Through individual settings of the amplitude and phase of the radio-frequency pulse emitted by each transmit configuration, influence can be exerted on the spatial distribution of the B1 field with the aim of generating a radio-frequency field in the object or in the examination volume that is as homogeneous as possible. Magnetic resonance apparatuses of this type are described for example in U.S. Pat. No. 6,043,658 and DE 10 2004 045 691 A1.
From DE 10 2004 013 422 A1, a method and a magnetic resonance system for homogenizing a B1 field are known. Homogenization of the B1 field is achieved in iteration steps. In a first iteration step, measurement data is acquired that represents a B1 field distribution in at least one part of an examination volume, a B1 homogeneity analysis subsequently being implemented automatically on the basis of the acquired measurement data. Automatic selection of a defined homogenization action from a number of possible homogenization actions is then implemented on the basis of the B1 homogeneity analysis. A selected homogenization action is subsequently implemented in order ultimately to homogenize the B1 field.
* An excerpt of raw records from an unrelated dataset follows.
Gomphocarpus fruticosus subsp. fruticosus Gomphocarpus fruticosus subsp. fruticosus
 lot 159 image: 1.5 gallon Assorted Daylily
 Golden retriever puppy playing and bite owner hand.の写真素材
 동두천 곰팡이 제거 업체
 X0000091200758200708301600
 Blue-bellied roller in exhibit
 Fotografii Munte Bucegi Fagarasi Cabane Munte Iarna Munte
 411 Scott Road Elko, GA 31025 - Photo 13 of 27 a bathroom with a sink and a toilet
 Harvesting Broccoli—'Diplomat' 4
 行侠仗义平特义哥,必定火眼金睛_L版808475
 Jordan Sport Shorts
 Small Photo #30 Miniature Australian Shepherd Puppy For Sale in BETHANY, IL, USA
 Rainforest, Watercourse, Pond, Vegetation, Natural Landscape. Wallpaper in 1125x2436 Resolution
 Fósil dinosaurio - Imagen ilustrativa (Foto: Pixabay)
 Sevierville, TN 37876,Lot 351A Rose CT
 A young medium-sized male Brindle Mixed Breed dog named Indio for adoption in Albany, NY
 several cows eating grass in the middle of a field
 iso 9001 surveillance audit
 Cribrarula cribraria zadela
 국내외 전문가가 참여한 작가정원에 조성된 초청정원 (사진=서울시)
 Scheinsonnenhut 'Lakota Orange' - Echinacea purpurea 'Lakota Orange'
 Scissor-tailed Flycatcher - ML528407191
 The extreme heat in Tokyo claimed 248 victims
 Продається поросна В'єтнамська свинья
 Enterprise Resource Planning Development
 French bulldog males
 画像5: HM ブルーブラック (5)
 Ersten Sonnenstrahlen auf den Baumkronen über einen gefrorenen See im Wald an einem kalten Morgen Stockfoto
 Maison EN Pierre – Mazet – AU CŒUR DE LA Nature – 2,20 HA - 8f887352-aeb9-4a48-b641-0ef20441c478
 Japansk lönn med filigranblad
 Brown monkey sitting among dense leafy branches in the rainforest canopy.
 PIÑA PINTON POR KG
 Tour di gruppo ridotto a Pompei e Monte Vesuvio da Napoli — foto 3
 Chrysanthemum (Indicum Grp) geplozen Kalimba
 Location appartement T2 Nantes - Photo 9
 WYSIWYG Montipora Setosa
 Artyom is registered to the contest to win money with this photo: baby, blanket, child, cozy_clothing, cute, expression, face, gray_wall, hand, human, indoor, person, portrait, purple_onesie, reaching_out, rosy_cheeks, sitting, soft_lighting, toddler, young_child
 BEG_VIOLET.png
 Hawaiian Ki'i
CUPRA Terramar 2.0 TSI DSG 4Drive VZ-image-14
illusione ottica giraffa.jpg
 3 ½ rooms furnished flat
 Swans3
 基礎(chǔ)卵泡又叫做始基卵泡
A hitherto unresolved problem, however, is that of determining the transmit parameters for the individual antenna elements so that is as homogenous as possible that a B1 distribution is actually achieved in the patient, or at least in the region of interest (ROI) for the desired imaging. One possible approach to determining the parameters could take the form of a distribution of the B1 field with regard to the magnitude and phase thereof being transmitted for each individual resonator element. An overview display would then have to be determined with all the resonator elements being active. An optimization region (e.g. the ROI) must then be identified and, furthermore, the activation parameters computed for the homogenized excitation. Such measurements are, however, extraordinarily time-consuming. The total adjustment time can take up to 10 minutes. This method is consequently not very suitable as an adjustment method in practice.